If you're specifically looking for an audio drama, use the term 有声剧 youshengju. If you see 剧 in a file/title then you have likely found and audio drama and Not a book.
Examples:
天涯客有声读物 searched on bilibili.com (literally search "天涯客有声读物 bilibili.com" on a search engine if you're in a web browser not using the app, it will search on the site for you, if you click from a web browser and have Google translate pages option on like I often do then apparently it Even Translates the Chinese subs put on the video in the scrolling comments into English! So that's cool!)
https://m.bilibili.com/video/BV14p4y1t7sB
The link above is what I got, complete TianYaKe audiobook with chinese subs in the scrolling comments as the bottom yellow text (which Google translate can auto translate if desired). If you desperately need subs for your audiobooks, dig around because subs are common on dramas but not common on audiobooks so it's hit or miss if a given post has subs or not. Youtube has a lot of audio dramas but much less audiobooks.

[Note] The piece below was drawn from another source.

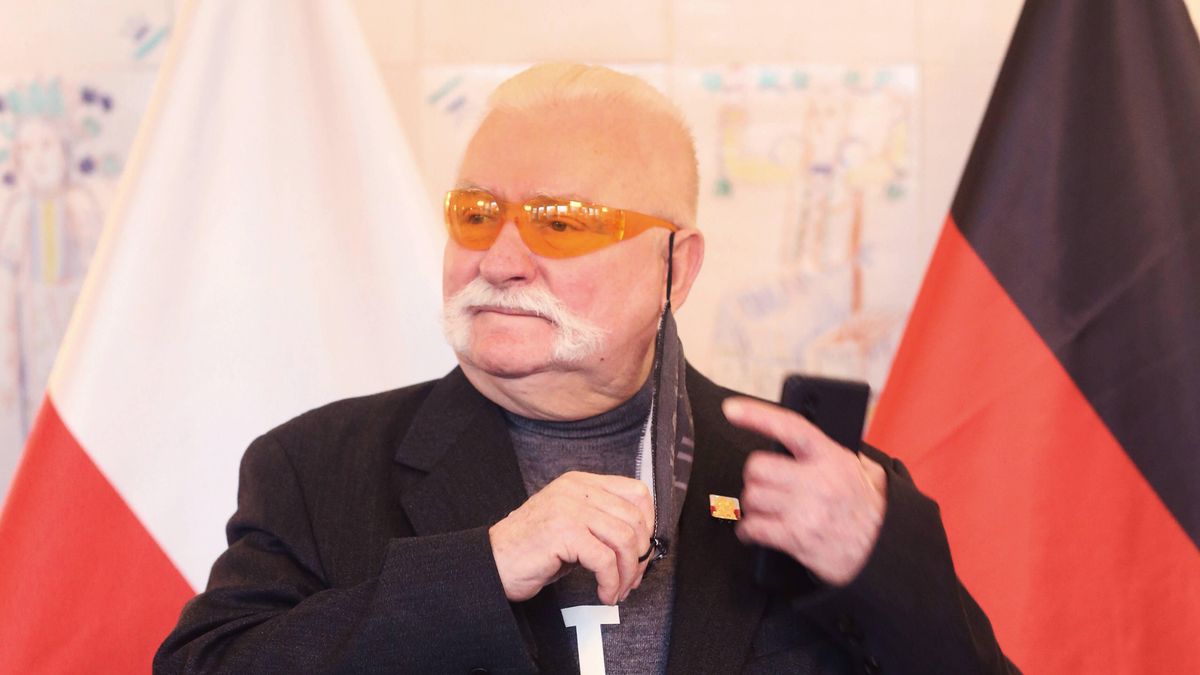 Lech Wałęsa ma plan na pokonanie Putina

If you like a particular manhua, it's worth looking up 漫剧 on bilibili.com (so search in web browser "漫剧 bilibili.com"). For example, poyun 破云 has a manhua I like, and on bilibili the panels are posted animated slightly, with sound effects and music and voice acting, as manju 漫剧. 19天 also has some, 撒野 etc. They're easier, since there's pictures and text on screen for all dialogue, and of course more direct with no description words just dialogue.
While I'm at it: for finding manhua
In a web browser search name in chinese and then "漫画" manhua. Just like manga scans, if you dig you can find most any manhua free on several sites, with the first few results being the official sites and later results being other places the manhua was posted (that may have chapters/pages if they were deleted elsewhere). Also, you can search for non Chinese comics too. Just search the comic name in chinese and add 漫画, 在线 if you're struggling to find the digital scans rather than print copies. I found a ton of Chinese translated Deadpool and xmen comics this way.
Also, bilibili comics apps has a TON of free Chinese manhua, you can switch your language between English and Chinese on the app and bookmark stuff in both languages, amd when you read chapters it gives you little stuff to customize your avatar (which hey is motivating if like me you can't focus well lol). It also has genre lists (so you can just browse 耽美 bl 百合 gl etc), and the app like most apps nowadays will message you when your favorited comics update or when a new one you might like is posted. If you just want an app to streamline finding chinese manhua to read the app makes it easy (likewise if you get the bilibili app and start searching audiobooks like me you'll quickly have a recommended list full of danmei audiobooks, audio dramas, fan videos, and animated voiced manhua, which has been great for me so far ToT)
So yeah, go out, explore, send me links if you find any cool stuff you'd like to recommend!
(Probably obvious) tip for chinese learners:
Do you want to read a Chinese book? Could be a webnovel, but you can do this for any novel.
Go to search engine of your choice. Type the name of the novel in chinese (so if it's an English book translated into Chinese type the Chinese name, look it up ahead of time if needed). For example I want to read Guardian, I type in 镇魂
Also type in "小说在线” book online. You can just type book 小说 or just online 在线 or add author name in chinese if needed.
You will find like 3-20 sites as the first results. Most of those will take you directly to a site to read the novel. Of the first handful, usually one or a few are the original site it was posted on so you can support the author directly there. If you're looking for a chapter/novel that was later taken down due to X reasons, then go down go further sites where it's likely to still be posted. If all else fails, instead search the Chinese book name then "txt" and you will find some txt file downloads of the book you're looking for. You may need to add "小说" or authors name. You can also find fanfic and deleted fanfic (if some fan saved it as a txt file) this way. Also, z-lib.com has a very large chinese collection, so feel free to go there, type in chinese, and find the epub versions of novels.
Basically, text (and audiobooks) are very easy to find online in chinese.